EXERCISE = Each line below must be reproduced exactly, though the pictures are to be dropped.

(INFORMATION SHOWN Opens)

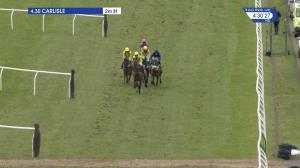 Video preview image for Carlisle 16:30 - Best Odds Guaranteed At 188Bet Novices' Hurdle (4)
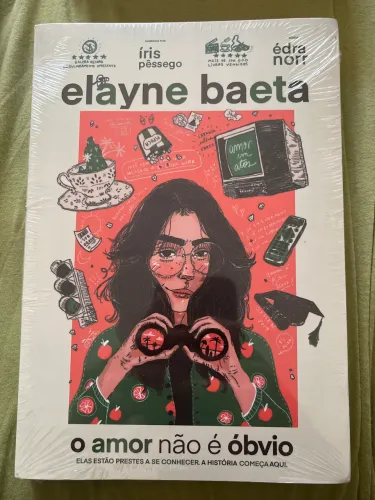 O amor não é óbvio - Elayne Baeta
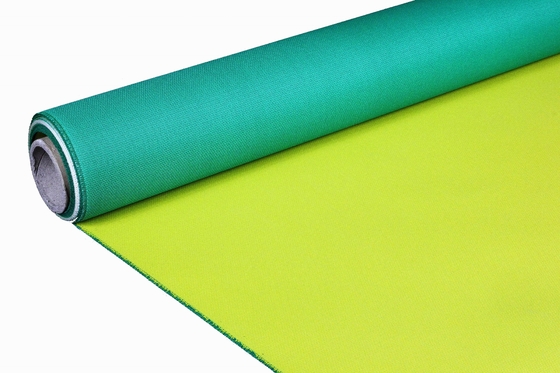 0.4 mm fire resistant durable PU coated glass fiber fabrics for fire protection system,M0 certificate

(INFORMATION SHOWN Closes)

RESULT =
 Video preview image for Carlisle 16:30 - Best Odds Guaranteed At 188Bet Novices' Hurdle (4)
 O amor não é óbvio - Elayne Baeta
 0.4 mm fire resistant durable PU coated glass fiber fabrics for fire protection system,M0 certificate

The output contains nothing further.